I agree with arabella.. Maybe she knows you don't actually like her

stucknoue · 16/06/2019 19:20

I would suggest meeting somewhere where timing doesn't matter eg at a museum, at a shopping centre, in a pub garden. And arrive 30 mins late yourselves

Spanglemum · 16/06/2019 19:25

I may be wide of the mark here does their DD have some sort of Additional Needs? One of my children has ASD and is extremely rigid about what they will/won't do. If so your friend needs to be honest about it.

SandyY2K · 16/06/2019 19:26

There's no need to express disappointment and saying you were doing them a favour is not nice.

You want them as couple friends, so it's a 2 way thing. You can't go getting so annoyed with her, while still really wanting the friendship.

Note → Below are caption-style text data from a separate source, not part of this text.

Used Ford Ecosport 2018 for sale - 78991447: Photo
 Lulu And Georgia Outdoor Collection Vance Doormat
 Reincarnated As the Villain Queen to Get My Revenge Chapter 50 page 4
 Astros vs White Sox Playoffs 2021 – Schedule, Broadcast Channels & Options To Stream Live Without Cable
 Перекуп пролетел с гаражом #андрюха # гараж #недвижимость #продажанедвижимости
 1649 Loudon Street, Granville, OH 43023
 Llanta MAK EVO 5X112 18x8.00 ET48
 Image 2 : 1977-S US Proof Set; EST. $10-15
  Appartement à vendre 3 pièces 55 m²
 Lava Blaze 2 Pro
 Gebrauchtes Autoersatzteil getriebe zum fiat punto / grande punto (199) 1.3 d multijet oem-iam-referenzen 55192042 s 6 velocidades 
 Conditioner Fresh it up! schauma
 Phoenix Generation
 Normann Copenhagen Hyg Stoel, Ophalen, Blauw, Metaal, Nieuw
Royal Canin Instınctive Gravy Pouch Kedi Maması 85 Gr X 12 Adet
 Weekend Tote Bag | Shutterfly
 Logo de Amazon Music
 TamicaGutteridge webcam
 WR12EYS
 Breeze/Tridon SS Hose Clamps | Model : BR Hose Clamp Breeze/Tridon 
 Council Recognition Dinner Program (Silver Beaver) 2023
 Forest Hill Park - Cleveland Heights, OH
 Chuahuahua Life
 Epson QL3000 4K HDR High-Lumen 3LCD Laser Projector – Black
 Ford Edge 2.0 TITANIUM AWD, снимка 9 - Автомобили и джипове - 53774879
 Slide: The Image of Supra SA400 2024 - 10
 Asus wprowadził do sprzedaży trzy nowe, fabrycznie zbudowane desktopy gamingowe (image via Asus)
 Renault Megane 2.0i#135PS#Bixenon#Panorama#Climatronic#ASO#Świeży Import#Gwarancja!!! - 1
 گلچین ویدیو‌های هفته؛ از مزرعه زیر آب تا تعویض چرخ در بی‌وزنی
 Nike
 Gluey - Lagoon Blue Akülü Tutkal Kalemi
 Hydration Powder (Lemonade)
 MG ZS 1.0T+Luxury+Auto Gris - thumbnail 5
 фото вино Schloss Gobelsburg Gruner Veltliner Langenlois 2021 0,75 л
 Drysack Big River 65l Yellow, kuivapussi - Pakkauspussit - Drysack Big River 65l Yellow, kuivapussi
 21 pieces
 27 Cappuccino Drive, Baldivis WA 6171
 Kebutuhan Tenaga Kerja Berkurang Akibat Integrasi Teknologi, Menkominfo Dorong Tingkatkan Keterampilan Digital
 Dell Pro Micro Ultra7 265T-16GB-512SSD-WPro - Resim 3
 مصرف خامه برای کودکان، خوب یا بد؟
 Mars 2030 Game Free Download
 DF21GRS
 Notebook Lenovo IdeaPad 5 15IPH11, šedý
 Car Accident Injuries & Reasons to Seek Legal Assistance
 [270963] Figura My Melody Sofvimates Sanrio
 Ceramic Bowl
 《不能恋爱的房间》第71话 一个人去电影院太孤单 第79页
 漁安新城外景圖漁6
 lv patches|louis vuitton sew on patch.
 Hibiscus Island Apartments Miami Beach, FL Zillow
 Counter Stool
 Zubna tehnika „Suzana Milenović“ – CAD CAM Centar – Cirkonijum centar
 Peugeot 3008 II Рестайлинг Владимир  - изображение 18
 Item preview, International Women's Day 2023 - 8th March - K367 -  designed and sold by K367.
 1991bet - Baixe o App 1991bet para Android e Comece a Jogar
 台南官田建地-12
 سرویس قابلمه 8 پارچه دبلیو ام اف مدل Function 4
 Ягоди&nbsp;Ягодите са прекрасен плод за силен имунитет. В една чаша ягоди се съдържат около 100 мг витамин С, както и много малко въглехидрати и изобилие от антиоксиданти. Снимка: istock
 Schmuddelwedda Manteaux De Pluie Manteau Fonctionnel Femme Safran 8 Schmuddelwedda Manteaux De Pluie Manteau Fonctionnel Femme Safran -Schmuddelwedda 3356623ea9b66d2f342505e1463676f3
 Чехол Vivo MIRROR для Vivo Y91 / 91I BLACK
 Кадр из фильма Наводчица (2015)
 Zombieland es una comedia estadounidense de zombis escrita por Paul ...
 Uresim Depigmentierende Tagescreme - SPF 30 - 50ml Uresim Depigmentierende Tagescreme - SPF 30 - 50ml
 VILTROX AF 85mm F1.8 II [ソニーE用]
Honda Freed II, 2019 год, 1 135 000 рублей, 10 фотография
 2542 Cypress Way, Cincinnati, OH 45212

You either stop arranging things, which you don't want to do..or accept that they're unreliable and put up with it, because you want the friendship.

You can't change other ppl. I have a friend who is always late and on top of the standard lateness, she's useless with satnav...so gets lost every single time.

We were going away with others recently and where she and I would meet up first and go together, I said I'd see her there. She was 4 hours later than the agreed time.

It didn't bother me, because I had others there.
She's lovely, but the lateness is a PITA. So... I hear you.

SandyY2K · 16/06/2019 19:32

It doesn't seem like she was overly keen to meet up in the first place.

You said she's not late with other friends? Is that when she has her DD ad well? I'm trying to ascertain if DD is the problem or she's just naturally like this.

BiscuitDrama · 16/06/2019 19:37

I think my reading of her depends a bit on the age of the child.

werideatdawn · 16/06/2019 19:42

I have to agree that it sounds like they were trying not to meet up from the beginning.. they tried a few excuses and tactics to put it off and then just didn't turn up. Coupled with you saying she makes it on time to other things with other people.. I think I would just take the hint and not bother anymore. It's rude but I doubt you'll change her.

PCohle · 16/06/2019 19:44

I'd be really pissed off if I were you. But I think the advice to cool off before you reply is really sensible.

To be honest I'd be tempted to wait until she next suggests a meet up and then say that I wasn't keen and explain why. That way the onus is on her to organise and you'll get a sense of whether she's actually interested in pursuing the friendship.